RECORDS SHOWN ::
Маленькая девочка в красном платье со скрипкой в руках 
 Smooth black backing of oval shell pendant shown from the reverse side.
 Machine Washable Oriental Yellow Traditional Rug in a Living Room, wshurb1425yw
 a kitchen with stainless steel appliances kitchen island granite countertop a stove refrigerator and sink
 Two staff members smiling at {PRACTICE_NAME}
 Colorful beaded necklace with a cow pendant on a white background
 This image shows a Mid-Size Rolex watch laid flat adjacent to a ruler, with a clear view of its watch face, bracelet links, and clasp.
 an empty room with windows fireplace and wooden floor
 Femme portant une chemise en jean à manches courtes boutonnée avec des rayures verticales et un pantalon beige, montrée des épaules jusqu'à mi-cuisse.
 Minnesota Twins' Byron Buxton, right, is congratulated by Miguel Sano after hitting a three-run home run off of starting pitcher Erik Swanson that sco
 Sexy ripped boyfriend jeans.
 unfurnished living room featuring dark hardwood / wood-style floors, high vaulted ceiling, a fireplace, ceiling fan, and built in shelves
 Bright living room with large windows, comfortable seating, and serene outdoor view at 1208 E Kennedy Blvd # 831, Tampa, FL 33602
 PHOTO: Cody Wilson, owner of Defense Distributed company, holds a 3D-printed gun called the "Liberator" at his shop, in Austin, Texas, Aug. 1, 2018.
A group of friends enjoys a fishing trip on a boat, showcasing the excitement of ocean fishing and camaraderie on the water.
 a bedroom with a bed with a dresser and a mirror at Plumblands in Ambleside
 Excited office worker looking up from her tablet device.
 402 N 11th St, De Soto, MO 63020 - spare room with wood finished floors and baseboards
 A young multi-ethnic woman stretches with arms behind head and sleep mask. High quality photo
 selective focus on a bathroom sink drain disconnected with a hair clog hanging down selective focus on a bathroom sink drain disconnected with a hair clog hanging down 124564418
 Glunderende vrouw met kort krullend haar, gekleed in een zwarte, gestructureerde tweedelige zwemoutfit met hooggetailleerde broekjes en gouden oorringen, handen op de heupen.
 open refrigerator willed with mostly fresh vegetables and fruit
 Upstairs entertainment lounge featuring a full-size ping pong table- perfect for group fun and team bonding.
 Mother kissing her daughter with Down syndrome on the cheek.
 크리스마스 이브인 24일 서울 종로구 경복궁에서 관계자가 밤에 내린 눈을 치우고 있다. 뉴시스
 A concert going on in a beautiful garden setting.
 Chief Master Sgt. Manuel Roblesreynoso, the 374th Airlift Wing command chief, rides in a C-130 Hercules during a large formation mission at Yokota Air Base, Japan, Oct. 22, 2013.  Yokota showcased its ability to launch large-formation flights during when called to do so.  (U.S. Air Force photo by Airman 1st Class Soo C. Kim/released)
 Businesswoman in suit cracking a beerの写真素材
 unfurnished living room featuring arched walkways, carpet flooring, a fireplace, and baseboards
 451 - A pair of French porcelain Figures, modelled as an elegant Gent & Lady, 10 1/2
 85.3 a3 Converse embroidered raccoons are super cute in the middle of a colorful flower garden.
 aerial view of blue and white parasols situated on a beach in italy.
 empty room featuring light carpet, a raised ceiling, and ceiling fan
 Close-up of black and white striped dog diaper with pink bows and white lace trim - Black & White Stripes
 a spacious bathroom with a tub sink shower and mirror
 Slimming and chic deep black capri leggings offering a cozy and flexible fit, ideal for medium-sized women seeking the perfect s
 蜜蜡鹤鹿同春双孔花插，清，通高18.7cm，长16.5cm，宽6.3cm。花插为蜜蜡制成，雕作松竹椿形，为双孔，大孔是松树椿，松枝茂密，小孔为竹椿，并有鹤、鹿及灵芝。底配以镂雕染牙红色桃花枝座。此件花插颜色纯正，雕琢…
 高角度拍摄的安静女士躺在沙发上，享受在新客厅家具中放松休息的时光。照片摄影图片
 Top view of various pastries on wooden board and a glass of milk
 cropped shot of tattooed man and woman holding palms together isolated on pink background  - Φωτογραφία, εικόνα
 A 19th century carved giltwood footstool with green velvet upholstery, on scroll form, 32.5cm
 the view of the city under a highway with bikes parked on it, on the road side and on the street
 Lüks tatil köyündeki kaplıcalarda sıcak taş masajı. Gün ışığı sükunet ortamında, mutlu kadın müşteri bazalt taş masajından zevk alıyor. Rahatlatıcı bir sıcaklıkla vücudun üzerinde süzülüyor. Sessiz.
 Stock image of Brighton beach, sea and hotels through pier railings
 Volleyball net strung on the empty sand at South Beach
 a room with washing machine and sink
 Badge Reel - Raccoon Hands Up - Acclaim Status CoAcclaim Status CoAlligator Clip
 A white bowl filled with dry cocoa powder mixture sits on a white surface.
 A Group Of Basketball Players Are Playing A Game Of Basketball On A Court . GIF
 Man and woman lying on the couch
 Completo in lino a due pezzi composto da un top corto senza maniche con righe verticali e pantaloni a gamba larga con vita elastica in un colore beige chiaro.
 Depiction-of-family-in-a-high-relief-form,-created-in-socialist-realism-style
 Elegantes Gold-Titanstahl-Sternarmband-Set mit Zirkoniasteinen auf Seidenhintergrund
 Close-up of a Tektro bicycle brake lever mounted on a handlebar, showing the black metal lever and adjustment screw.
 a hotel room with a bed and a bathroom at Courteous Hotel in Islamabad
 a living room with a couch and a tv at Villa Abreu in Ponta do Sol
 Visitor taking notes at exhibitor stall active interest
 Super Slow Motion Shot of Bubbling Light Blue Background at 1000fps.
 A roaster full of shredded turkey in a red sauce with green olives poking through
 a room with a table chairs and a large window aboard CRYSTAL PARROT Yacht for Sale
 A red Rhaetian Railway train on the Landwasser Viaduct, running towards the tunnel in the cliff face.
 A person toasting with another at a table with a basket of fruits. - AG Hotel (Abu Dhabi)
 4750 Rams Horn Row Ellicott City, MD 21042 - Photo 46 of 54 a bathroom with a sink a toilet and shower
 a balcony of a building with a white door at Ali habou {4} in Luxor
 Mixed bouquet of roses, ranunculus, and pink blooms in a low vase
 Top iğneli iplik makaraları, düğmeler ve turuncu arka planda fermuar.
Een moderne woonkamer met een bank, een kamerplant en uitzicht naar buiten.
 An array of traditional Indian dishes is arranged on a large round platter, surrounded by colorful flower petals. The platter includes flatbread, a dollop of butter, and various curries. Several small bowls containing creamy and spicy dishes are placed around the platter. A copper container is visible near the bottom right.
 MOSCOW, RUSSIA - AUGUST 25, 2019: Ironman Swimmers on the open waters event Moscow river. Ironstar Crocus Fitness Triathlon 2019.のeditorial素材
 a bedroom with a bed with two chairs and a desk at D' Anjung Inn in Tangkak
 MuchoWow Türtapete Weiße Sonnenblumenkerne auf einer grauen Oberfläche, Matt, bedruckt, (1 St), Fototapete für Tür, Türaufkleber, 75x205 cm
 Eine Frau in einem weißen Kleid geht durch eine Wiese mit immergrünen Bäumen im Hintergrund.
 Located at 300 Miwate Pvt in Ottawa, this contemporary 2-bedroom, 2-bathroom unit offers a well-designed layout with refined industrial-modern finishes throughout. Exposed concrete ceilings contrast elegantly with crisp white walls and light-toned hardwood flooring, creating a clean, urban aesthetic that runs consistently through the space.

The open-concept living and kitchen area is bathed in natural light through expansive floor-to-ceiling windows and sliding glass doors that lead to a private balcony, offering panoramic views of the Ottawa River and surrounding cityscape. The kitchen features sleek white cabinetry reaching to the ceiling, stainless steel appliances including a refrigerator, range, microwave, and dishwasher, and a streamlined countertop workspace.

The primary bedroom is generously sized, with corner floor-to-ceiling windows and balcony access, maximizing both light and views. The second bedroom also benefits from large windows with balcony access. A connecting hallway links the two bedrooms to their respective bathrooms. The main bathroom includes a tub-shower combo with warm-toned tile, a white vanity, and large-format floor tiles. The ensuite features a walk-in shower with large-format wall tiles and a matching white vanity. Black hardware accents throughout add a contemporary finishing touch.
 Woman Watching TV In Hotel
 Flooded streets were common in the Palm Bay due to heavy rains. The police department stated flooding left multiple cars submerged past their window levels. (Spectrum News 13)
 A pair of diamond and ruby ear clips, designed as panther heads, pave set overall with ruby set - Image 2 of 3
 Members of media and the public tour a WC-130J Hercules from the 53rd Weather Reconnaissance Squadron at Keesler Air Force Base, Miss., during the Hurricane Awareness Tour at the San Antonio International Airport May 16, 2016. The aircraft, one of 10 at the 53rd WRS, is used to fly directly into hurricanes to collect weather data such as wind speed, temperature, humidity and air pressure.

EXERCISE GOAL :: Search the lines above for the string "baseboards", then show every one that has it.

SOLVED EXERCISE ::
 402 N 11th St, De Soto, MO 63020 - spare room with wood finished floors and baseboards
 unfurnished living room featuring arched walkways, carpet flooring, a fireplace, and baseboards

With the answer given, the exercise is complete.